--- DATASET RECORDS Enclosed Below ---

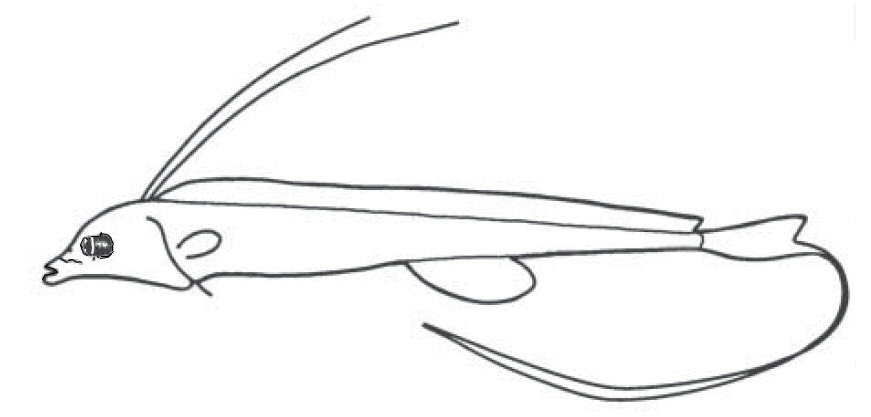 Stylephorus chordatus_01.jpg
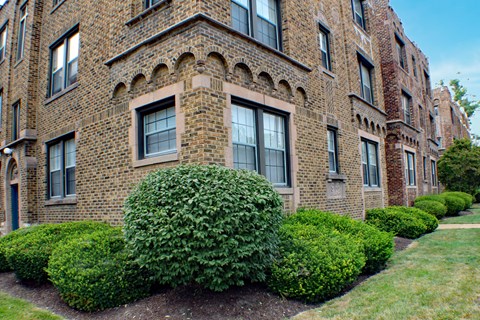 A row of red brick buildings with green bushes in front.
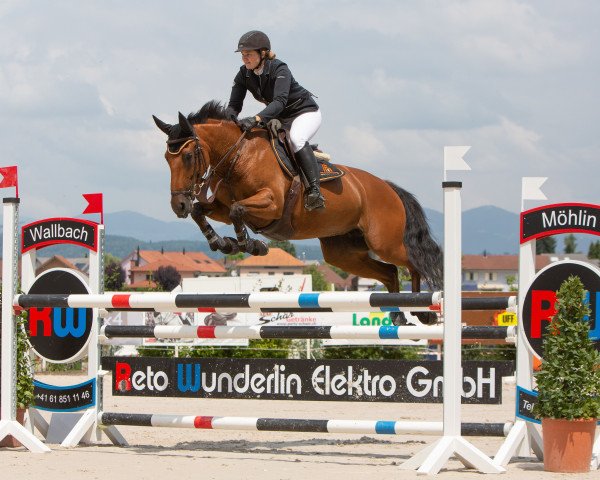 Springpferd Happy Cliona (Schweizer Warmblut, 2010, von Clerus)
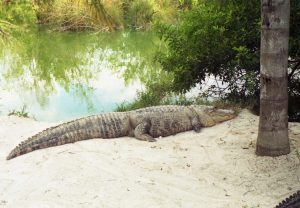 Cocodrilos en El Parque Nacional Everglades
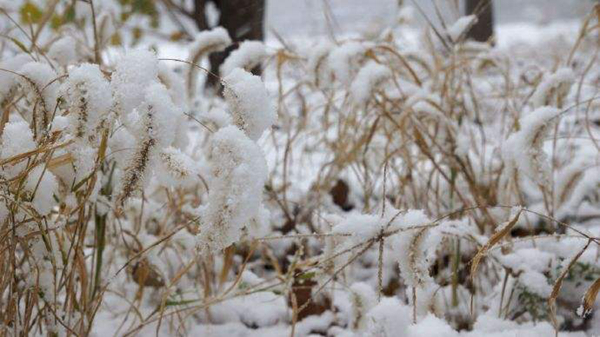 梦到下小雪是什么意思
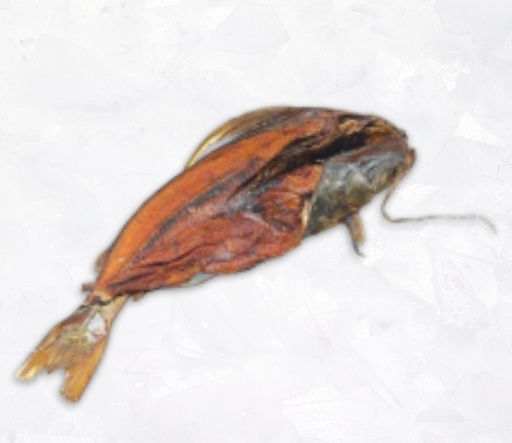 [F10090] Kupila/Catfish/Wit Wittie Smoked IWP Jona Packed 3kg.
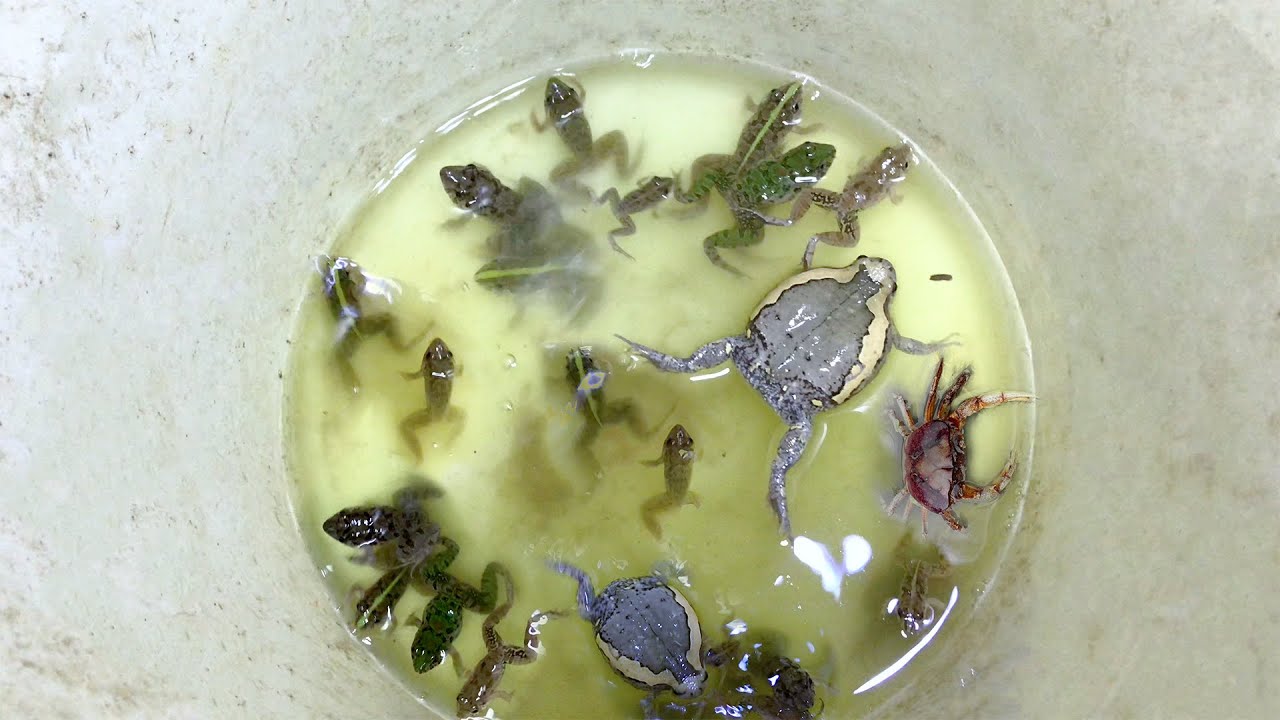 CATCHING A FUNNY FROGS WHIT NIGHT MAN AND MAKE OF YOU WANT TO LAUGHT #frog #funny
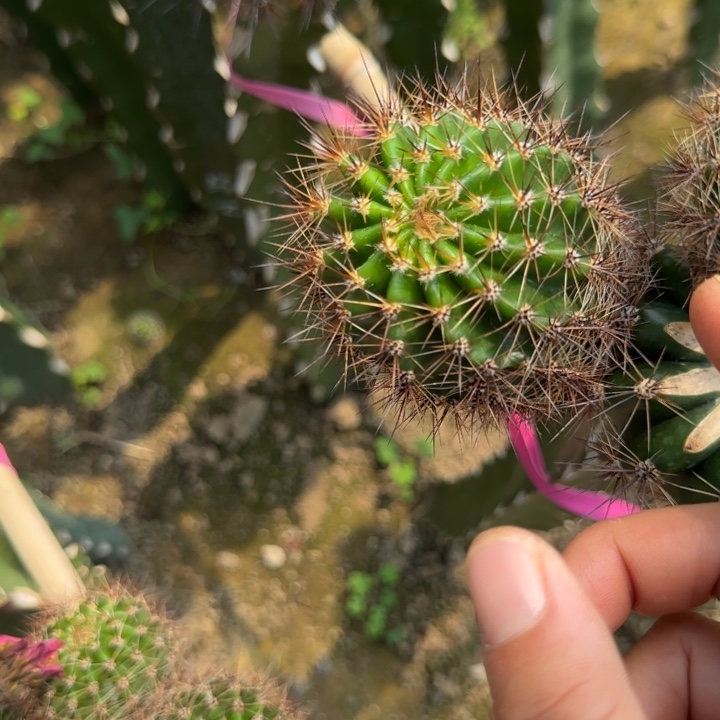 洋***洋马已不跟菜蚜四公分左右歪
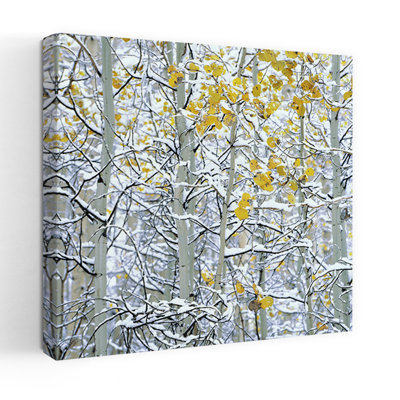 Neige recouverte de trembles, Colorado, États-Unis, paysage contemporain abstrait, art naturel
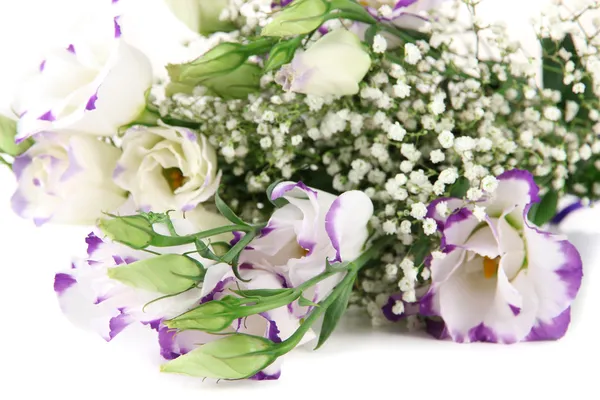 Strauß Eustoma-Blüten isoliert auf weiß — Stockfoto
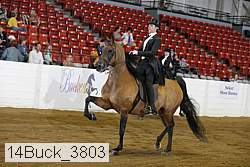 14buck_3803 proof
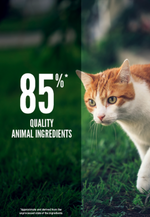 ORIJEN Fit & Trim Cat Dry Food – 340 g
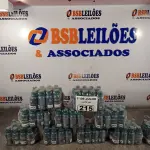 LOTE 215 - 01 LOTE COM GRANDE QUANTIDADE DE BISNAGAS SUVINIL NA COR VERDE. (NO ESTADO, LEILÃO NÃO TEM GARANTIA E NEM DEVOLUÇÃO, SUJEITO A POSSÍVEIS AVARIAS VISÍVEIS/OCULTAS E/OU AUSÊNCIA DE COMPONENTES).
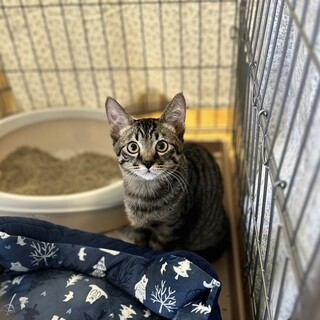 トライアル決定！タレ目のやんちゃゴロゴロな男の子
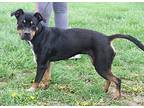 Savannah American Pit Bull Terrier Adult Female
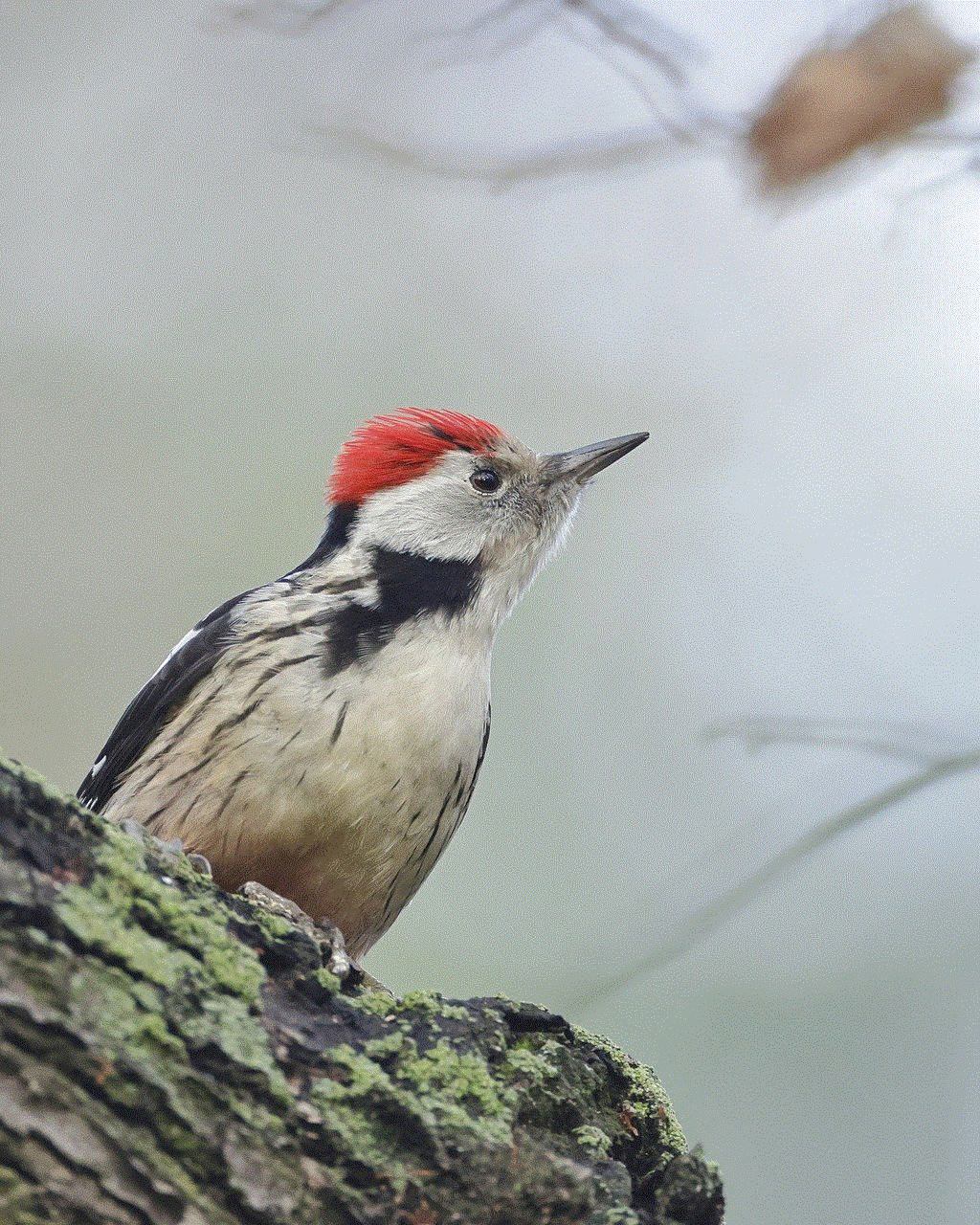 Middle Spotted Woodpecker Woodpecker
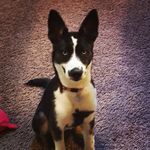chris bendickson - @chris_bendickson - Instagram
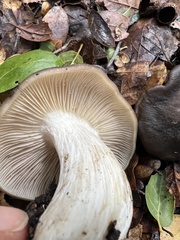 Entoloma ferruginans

--- End of Enclosed DATASET RECORDS ---

YOUR OBJECTIVE
Pictures are to be omitted. The lines from the line holding "Neige recouverte de" through the closing line of the data above are to be set down exactly, and nothing more.

ANSWER TO THIS PROBLEM
 Neige recouverte de trembles, Colorado, États-Unis, paysage contemporain abstrait, art naturel
 Strauß Eustoma-Blüten isoliert auf weiß — Stockfoto
 14buck_3803 proof
 ORIJEN Fit & Trim Cat Dry Food – 340 g
 LOTE 215 - 01 LOTE COM GRANDE QUANTIDADE DE BISNAGAS SUVINIL NA COR VERDE. (NO ESTADO, LEILÃO NÃO TEM GARANTIA E NEM DEVOLUÇÃO, SUJEITO A POSSÍVEIS AVARIAS VISÍVEIS/OCULTAS E/OU AUSÊNCIA DE COMPONENTES).
 トライアル決定！タレ目のやんちゃゴロゴロな男の子
 Savannah American Pit Bull Terrier Adult Female
 Middle Spotted Woodpecker Woodpecker
chris bendickson - @chris_bendickson - Instagram
 Entoloma ferruginans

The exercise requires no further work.